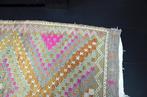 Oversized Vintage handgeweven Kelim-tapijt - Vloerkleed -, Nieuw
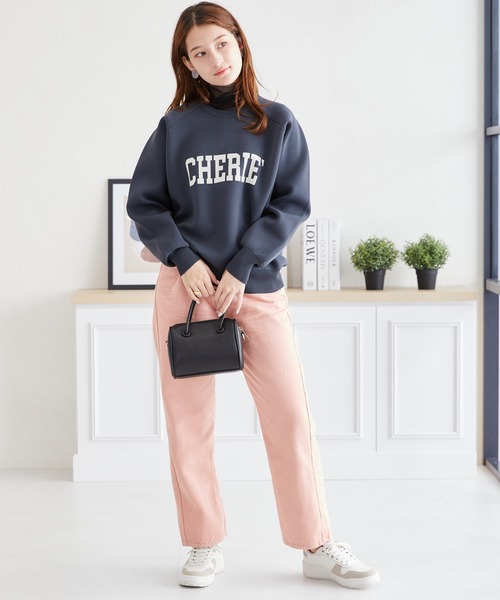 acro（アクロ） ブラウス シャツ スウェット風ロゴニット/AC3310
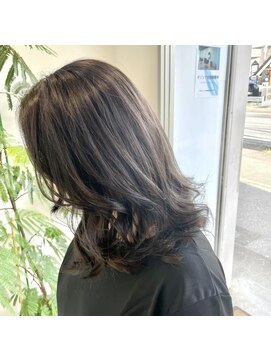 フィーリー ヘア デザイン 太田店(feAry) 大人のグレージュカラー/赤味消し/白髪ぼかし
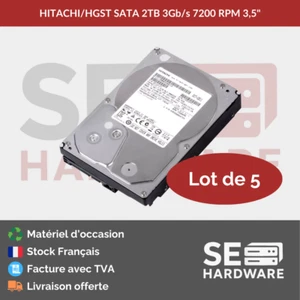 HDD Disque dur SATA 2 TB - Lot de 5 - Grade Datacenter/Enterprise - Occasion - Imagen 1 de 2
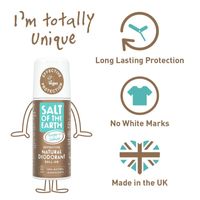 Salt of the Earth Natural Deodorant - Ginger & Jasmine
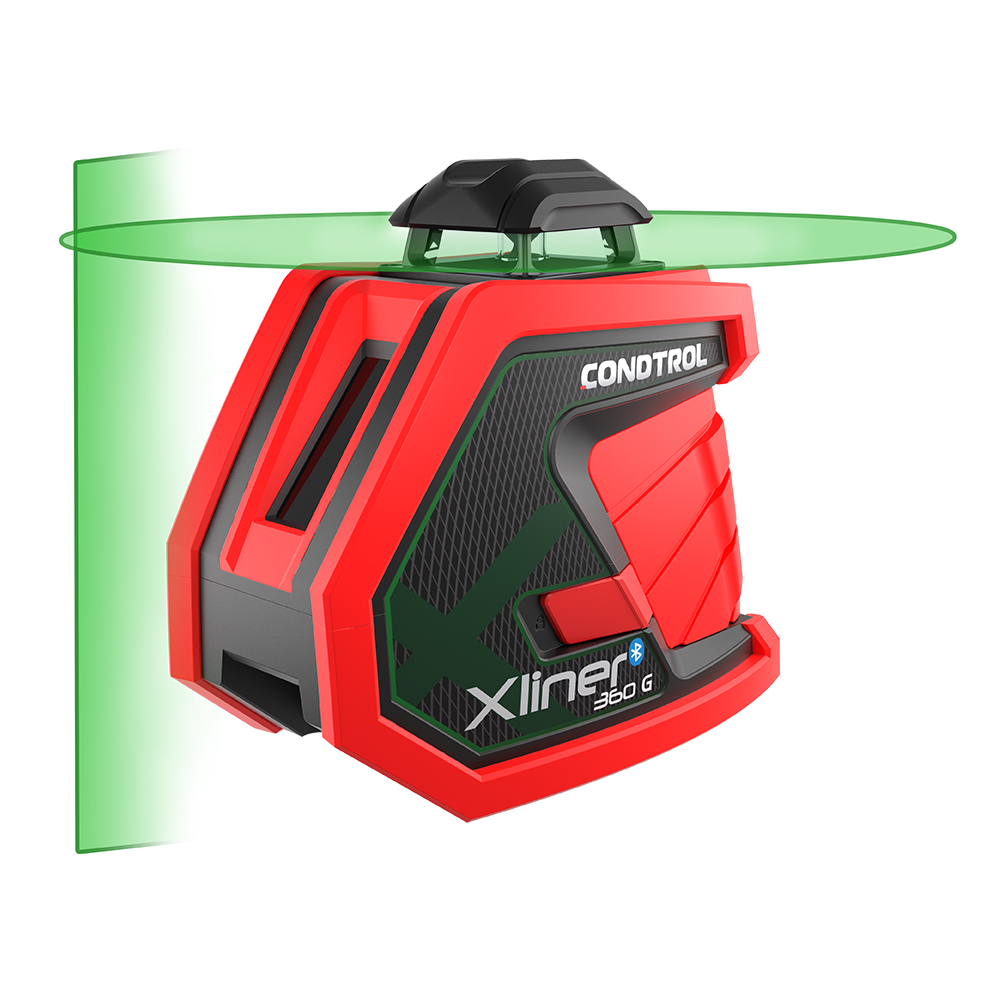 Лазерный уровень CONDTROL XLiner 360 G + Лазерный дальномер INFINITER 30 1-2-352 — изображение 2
------------------------------------------------------------
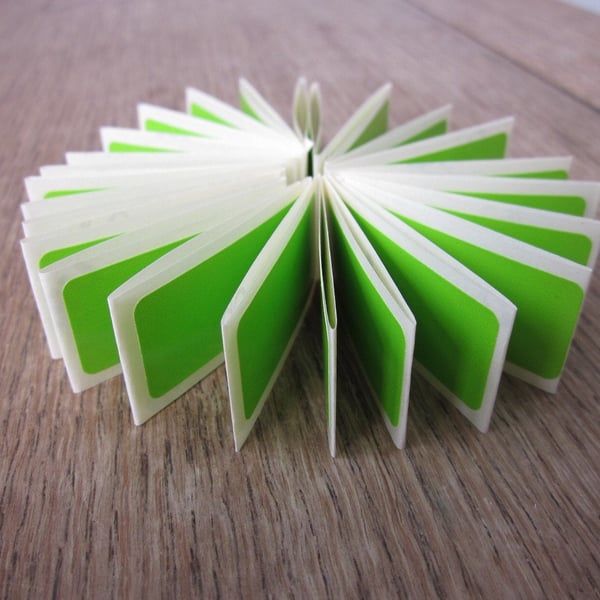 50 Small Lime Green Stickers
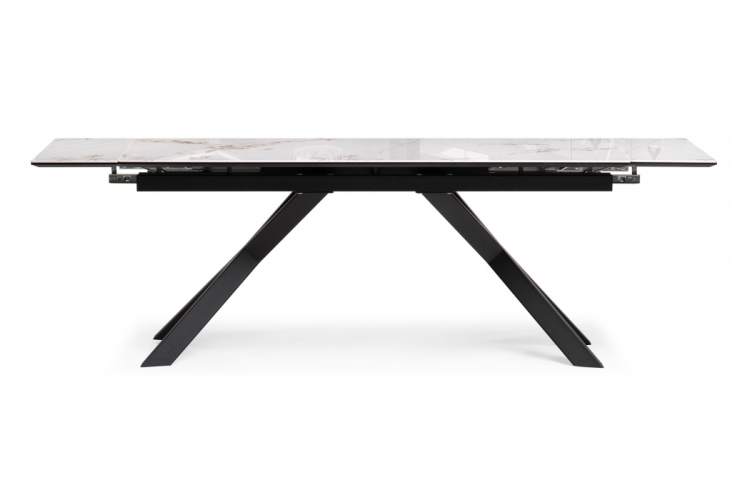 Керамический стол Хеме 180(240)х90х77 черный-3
------------------------------------------------------------
WHAT IS REQUIRED: Restate word for word the lines of the data above that begin at the line with "acro（アクロ） ブラウス シャツ スウェット風ロゴニット/AC3310" and end at the line with "Лазерный уровень CONDTROL", keeping both ends and dropping every picture.

WORKED SOLUTION:
 acro（アクロ） ブラウス シャツ スウェット風ロゴニット/AC3310
 フィーリー ヘア デザイン 太田店(feAry) 大人のグレージュカラー/赤味消し/白髪ぼかし
 HDD Disque dur SATA 2 TB - Lot de 5 - Grade Datacenter/Enterprise - Occasion - Imagen 1 de 2
 Salt of the Earth Natural Deodorant - Ginger & Jasmine
 Лазерный уровень CONDTROL XLiner 360 G + Лазерный дальномер INFINITER 30 1-2-352 — изображение 2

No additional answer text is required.